• **WORK INSTRUCTION**
Your task is to transcribe exactly, and only, the lines running from the one with "denly mark ramprakash" to the end of the listing below, inclusive, with every picture left out.

• **GIVEN ENTRIES**
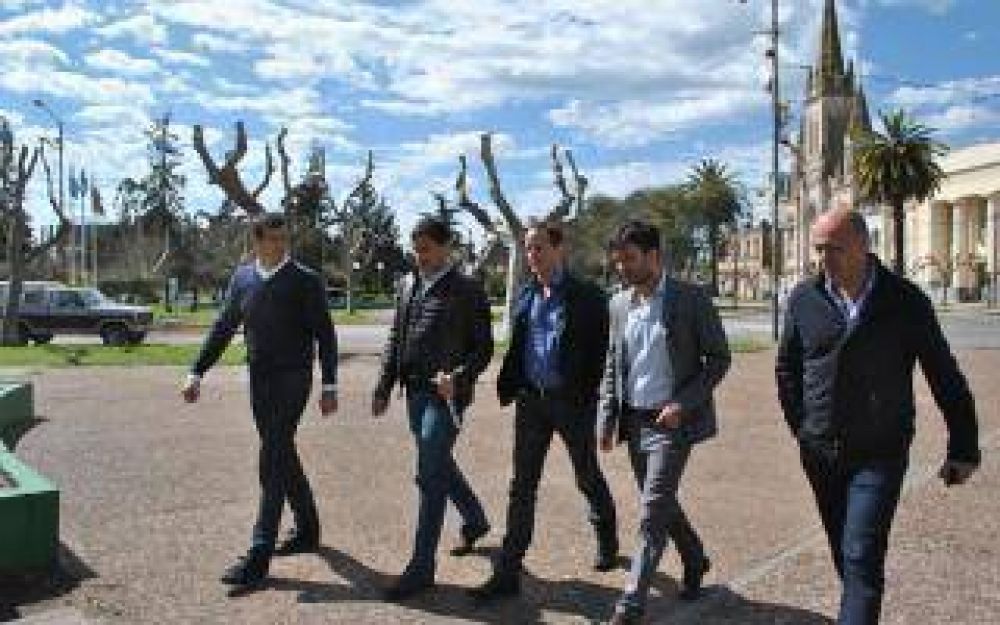 Con reclamos a Scioli, Insaurralde recorri� Bol�var junto a Intendentes de los Oktubres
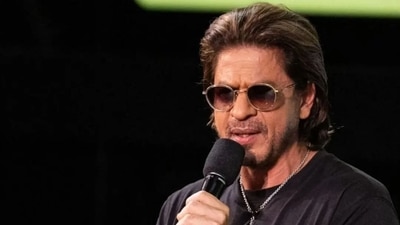 Shah Rukh Khan is in Switzerland to attend the Locarno Film Festival. After receiving a special award, Shah Rukh also attended a chat session and talked on a variety of topics. Shah Rukh Khan is in Switzerland to attend the Locarno Film Festival. After receiving a special award, Shah Rukh also attended a chat session and talked on a variety of topics.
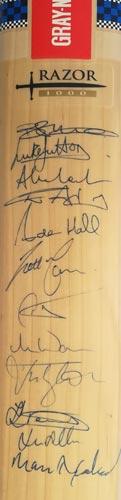 Razor-Gray-Nicolls-signed-cricket-bat-memorabilia-robertsbridge-sussex-kent-surrey-essex-ben-stokes-autograph-geraint jones joe denly mark ramprakash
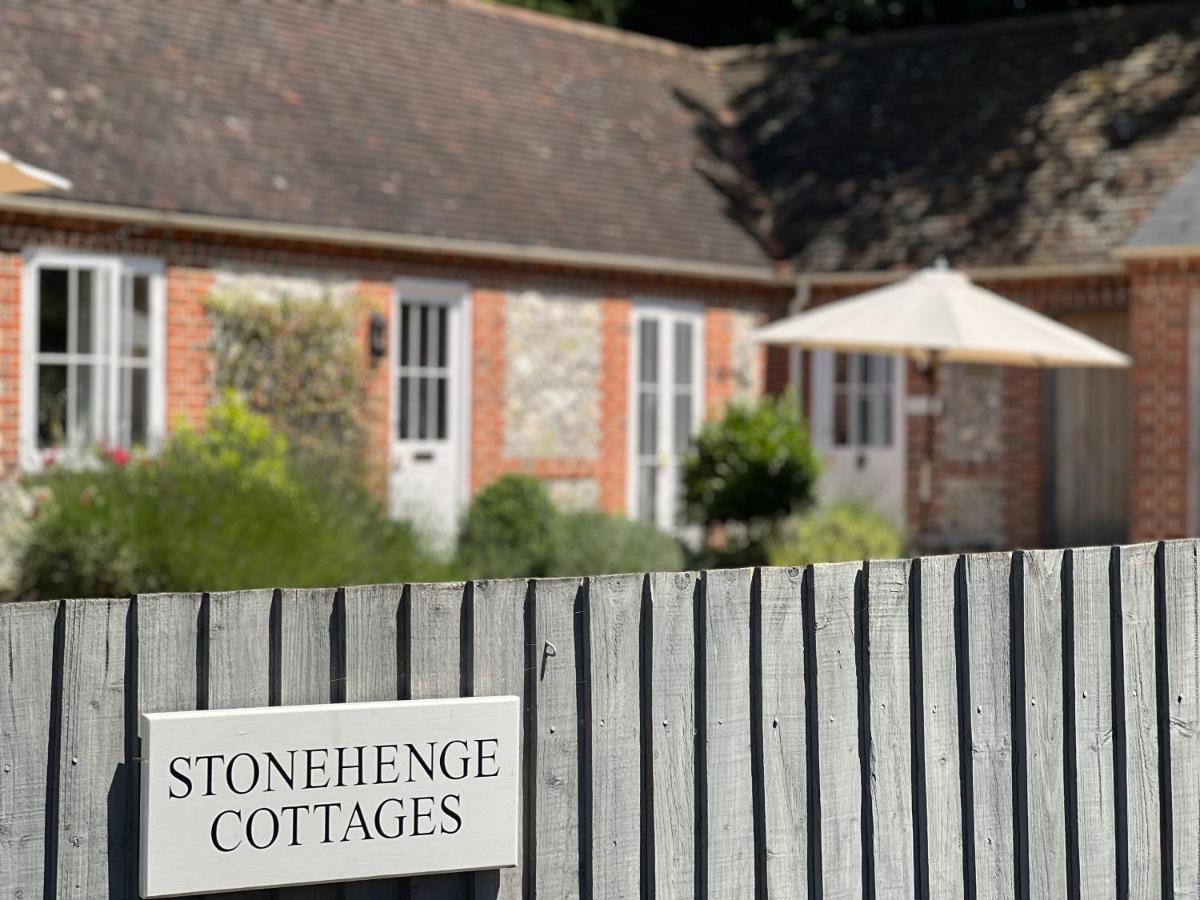 Stonehenge Cottages Salisbury Exterior foto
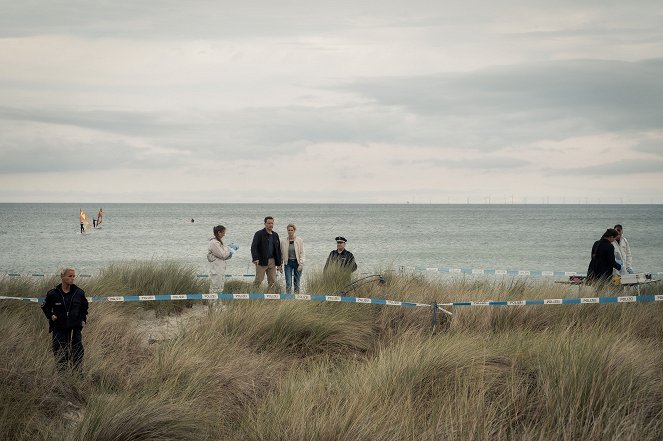 Dünentod - Ein Nordsee-Krimi - Die Frau am Strand - Film
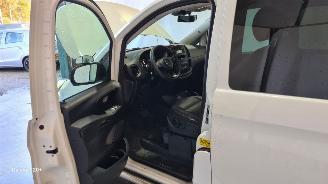 Mercedes Vito Tourer 116 BT Pro Lang 8-persoons picture 9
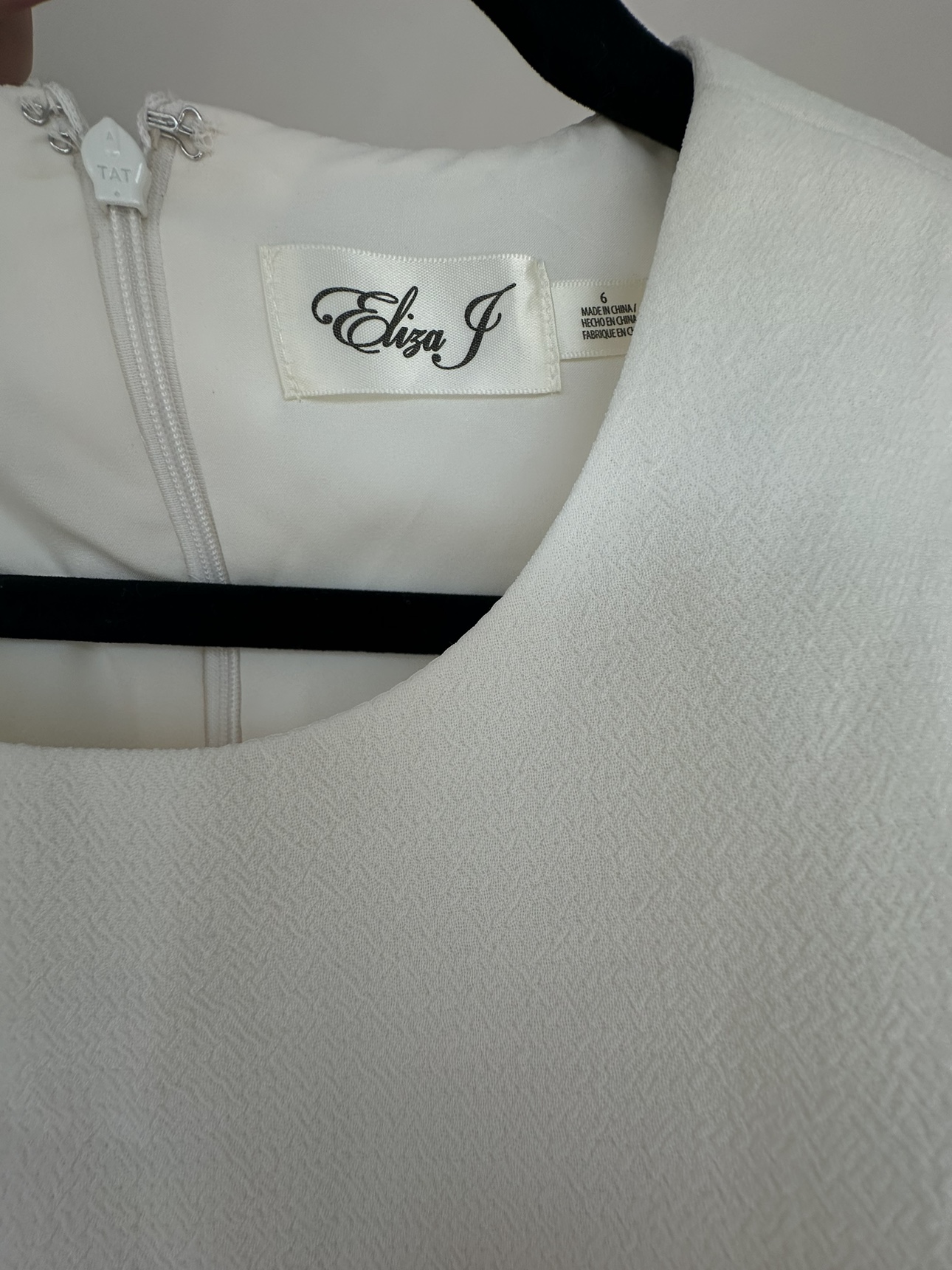 White dress image indicator(4)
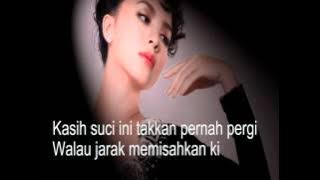 Saranghae-Dinda Kirana (Lyrics on screen)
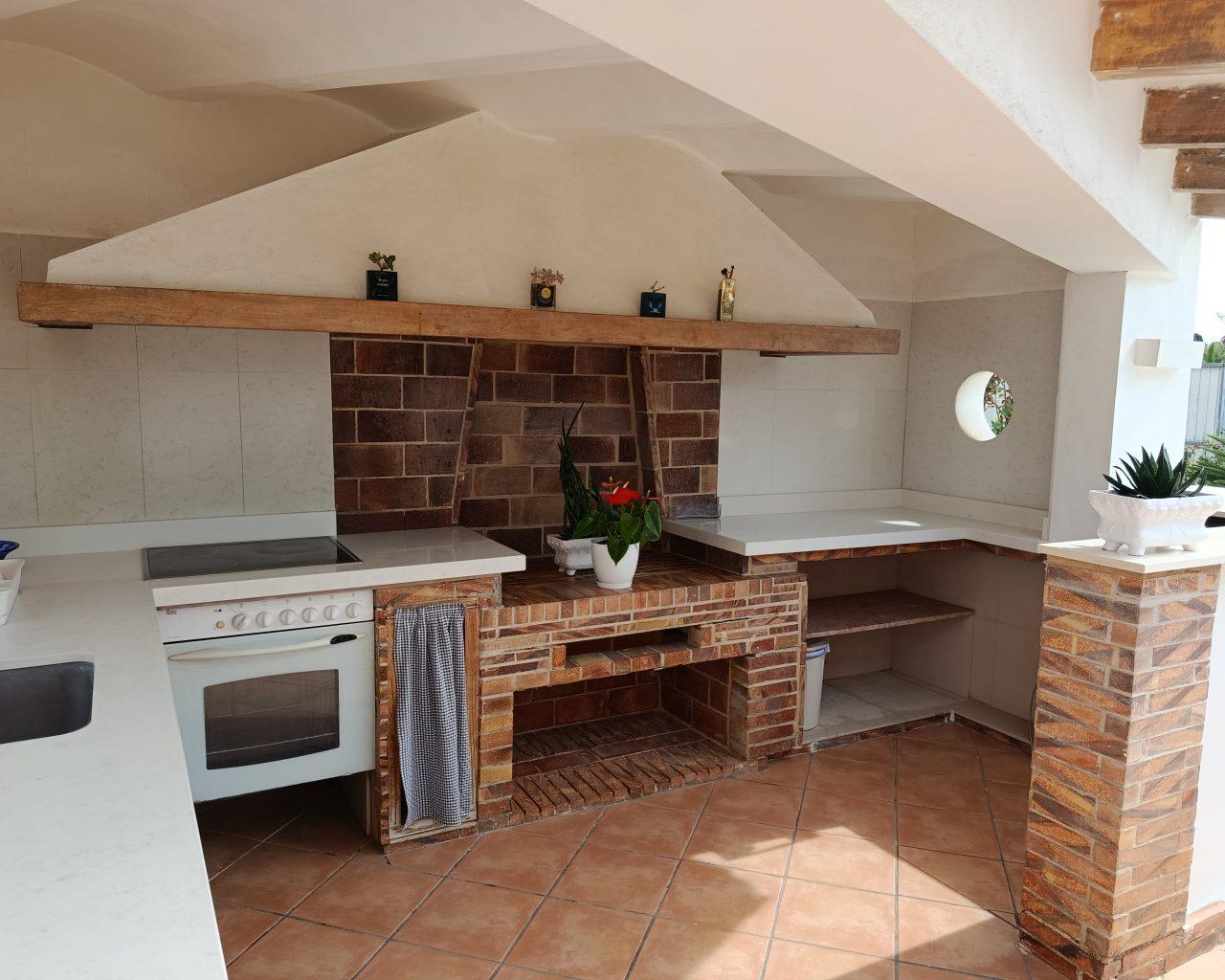 Villa for Sale in Oliva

• **EXERCISE RESULT**
 Razor-Gray-Nicolls-signed-cricket-bat-memorabilia-robertsbridge-sussex-kent-surrey-essex-ben-stokes-autograph-geraint jones joe denly mark ramprakash
 Stonehenge Cottages Salisbury Exterior foto
 Dünentod - Ein Nordsee-Krimi - Die Frau am Strand - Film
 Mercedes Vito Tourer 116 BT Pro Lang 8-persoons picture 9
 White dress image indicator(4)
 Saranghae-Dinda Kirana (Lyrics on screen)
 Villa for Sale in Oliva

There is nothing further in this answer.